I’m creating an autoencoder that uses convolutions to learn some parameters, and then uses native PyTorch functions to re-create the input. But when I test the network I find that it fails to learn one of the parameters used to create the input images completely.
I was wondering if anyone could see why this would happen?
Here is what the testing true vs. prediction plots look like for the 4 parameters I care about.
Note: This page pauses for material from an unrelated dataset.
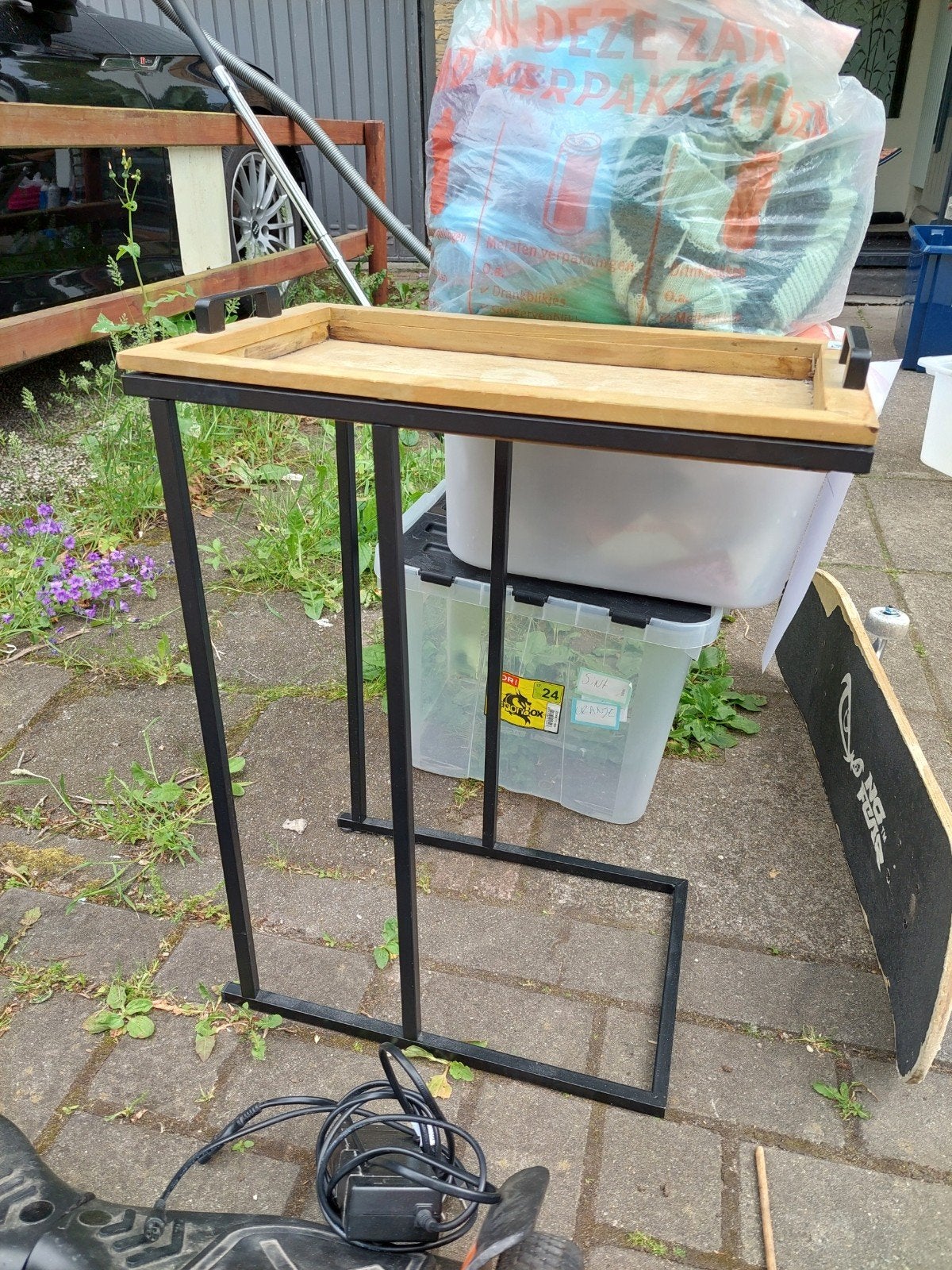 Bijzettafel met houten blad en metalen frame, Ophalen, Minder dan 55 cm, Gebruikt, 60 cm of meer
The bottom left is the one that appears to go weird (and is called V_SCALE_LENGTH
in the model below).
NOTE: I also see that the top righ panel shows a parameter that is not well learned but that’s okay as this is a smaller part of a larger network that I’ve isolated into this example because of the problem of the bottom left parameter. I also know that in the model below, the bottom left parameter needs to use both the right-hand parameters above to create recreate the input. But I still see this parameter not learning when I tighten up that parameter in the top right.
In my full-sized network I see much poorer performance than this where the parameter goes to the maximum value allowed by the hard tanh activation function at the end of the linear module. At least here I’m seeing a sort-of increase from left to right on the true vs predicted plot. Which makes me think I’m missing something in the data handling that maybe someone can see…
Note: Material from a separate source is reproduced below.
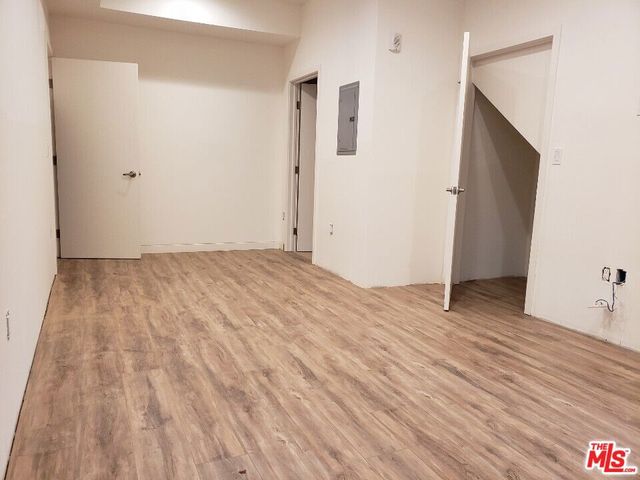 517 N Harvard Boulevard, Los Angeles, CA 90004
The 2D input images are created using the following function:
def return_cube(batch):
""" CREATION OF CUBES WITH VARIOUS ORIENTATIONS """
# Define the properties of the objects in the input cubes _________________
# Z angle
pos_ang = torch.tensor([np.random.uniform(-np.pi,np.pi,batch)]).view(-1)[:,None,None,None]
# X angle
inc_ang = torch.tensor([np.random.uniform(np.pi/18,np.pi/2,batch)]).view(-1)[:,None,None,None]
# Where the velocity reaches it's highes. i.e. r(max(V))
ah = torch.tensor([np.random.uniform(1,32,batch)]).view(-1)[:,None,None,None]
# The maximum velocity reached. i.e. max(V(r)) <-- THIS IS THE TROUBLE MAKER!
Vh = torch.tensor([np.random.uniform(0.1,1,batch)]).view(-1)[:,None,None,None]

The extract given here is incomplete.